Leave the pictures out and restate each entry below word for word.

◆ **Records provided**:
'''
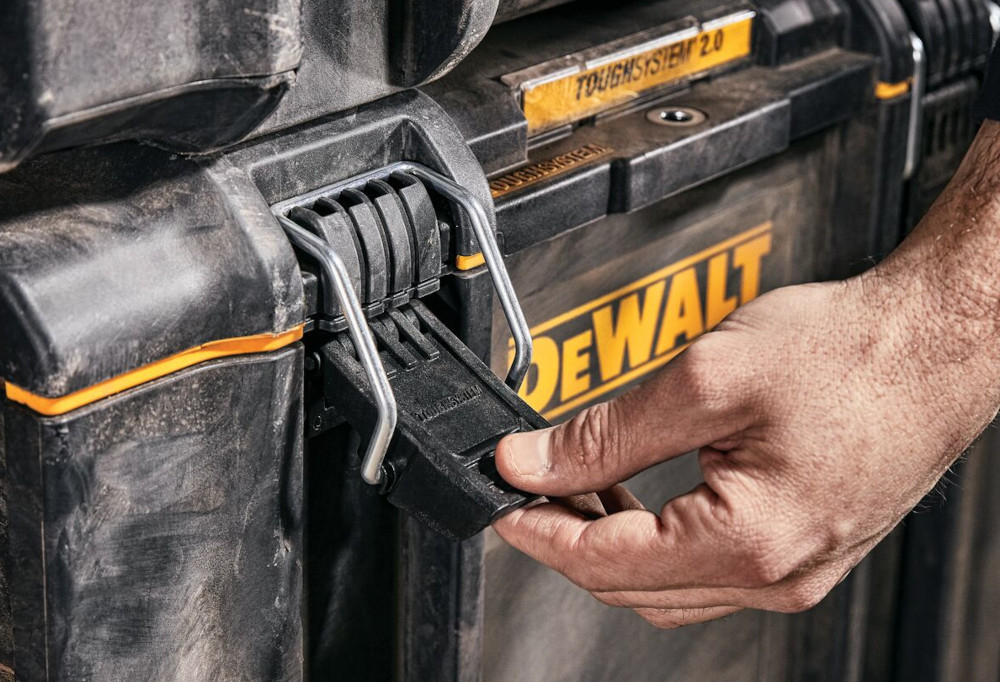 Skrzynka narzędziowa DEWALT DS450 zbliżenie na zamek osoba trzyma zamek w dłoni dwuczęściowe solidne metalowe zamki bezpieczne przechowywanie narzędzi i akcesoriów ochrona przed przypadkowym otwarciem podczas przenoszenia trwałość całej skrzynki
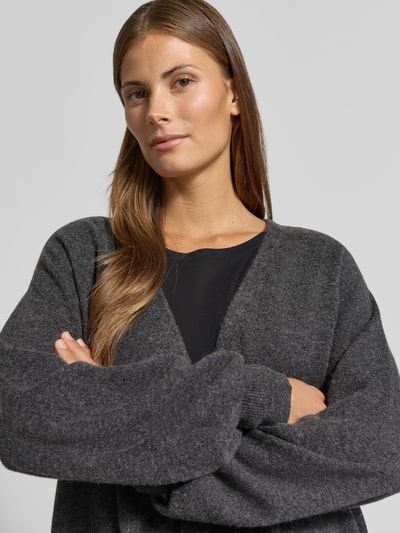 Vrouwenmodel draagt Strickjacke aus Lanawolle-Kaschmir-Mix Modell 'CESTINO' van Max Mara, donkere grijstinten, losse fit, diepe V-hals, geribde boorden, mix van zachte texturen, midde opbouw, Nahaufnahme Oberkörper.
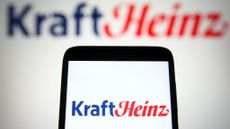 The Kraft Heinz logo on a smartphone, with the logo on a wall in the background too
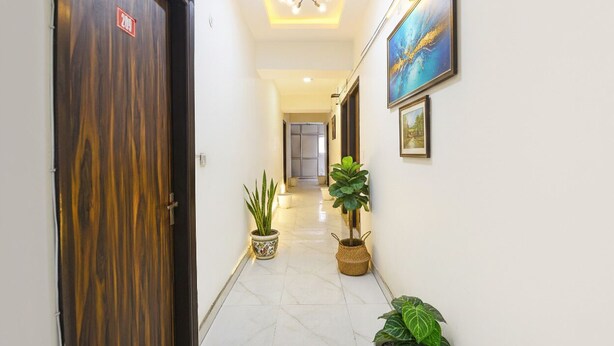 A hallway with a wooden door, potted plants, and framed artwork on the walls. - Via Town Plaza (New Delhi)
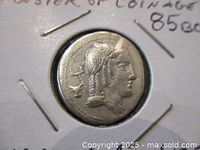 Close-up image of obverse side showing bust of Julius Bursio with laurel or helmet details.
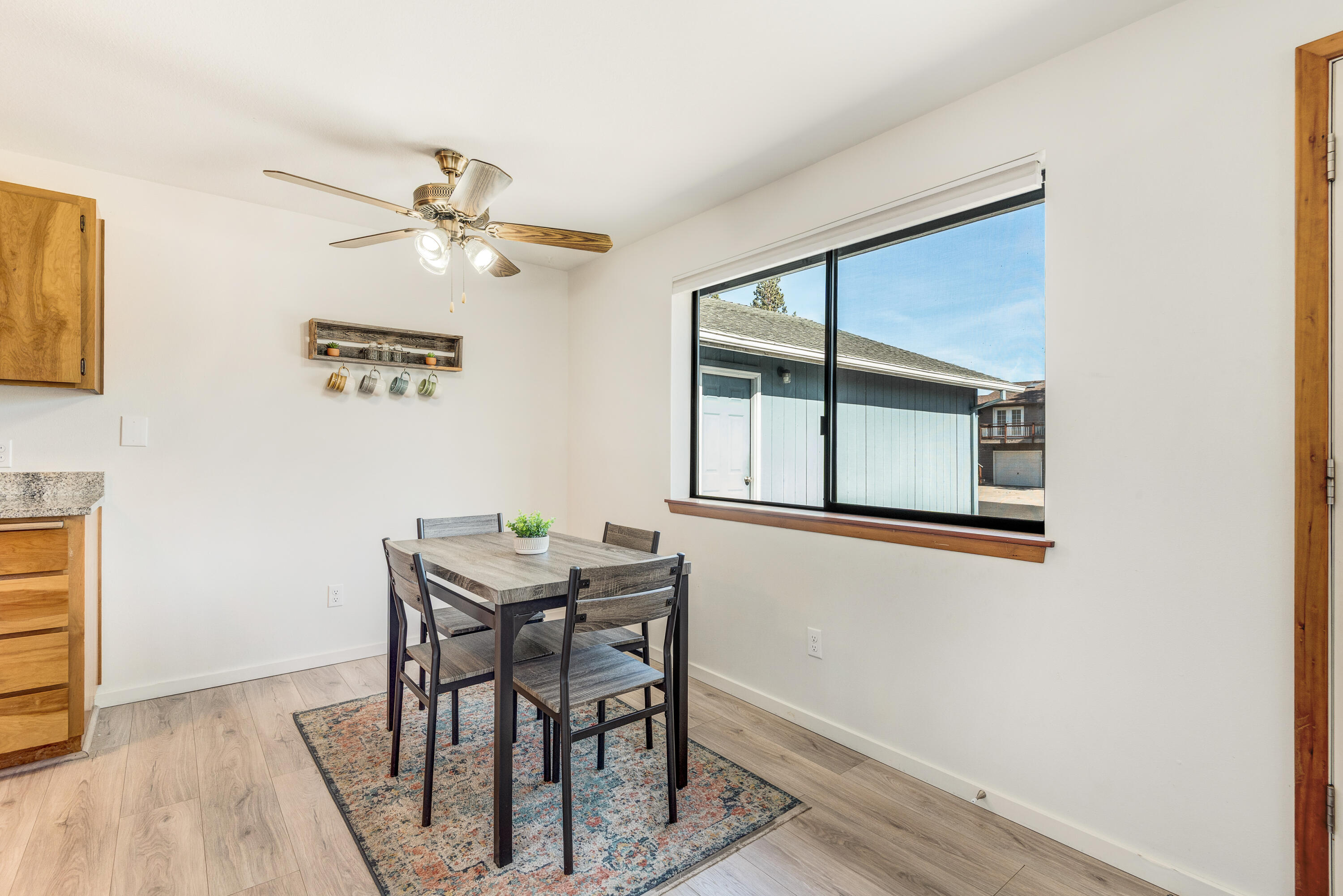 1916 Northeast Wichita Way Bend, OR 97701 - Photo 25 of 38 a view of a dining room with furniture and a window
'''
◆ **Answer space**:
 Skrzynka narzędziowa DEWALT DS450 zbliżenie na zamek osoba trzyma zamek w dłoni dwuczęściowe solidne metalowe zamki bezpieczne przechowywanie narzędzi i akcesoriów ochrona przed przypadkowym otwarciem podczas przenoszenia trwałość całej skrzynki
 Vrouwenmodel draagt Strickjacke aus Lanawolle-Kaschmir-Mix Modell 'CESTINO' van Max Mara, donkere grijstinten, losse fit, diepe V-hals, geribde boorden, mix van zachte texturen, midde opbouw, Nahaufnahme Oberkörper.
 The Kraft Heinz logo on a smartphone, with the logo on a wall in the background too
 A hallway with a wooden door, potted plants, and framed artwork on the walls. - Via Town Plaza (New Delhi)
 Close-up image of obverse side showing bust of Julius Bursio with laurel or helmet details.
 1916 Northeast Wichita Way Bend, OR 97701 - Photo 25 of 38 a view of a dining room with furniture and a window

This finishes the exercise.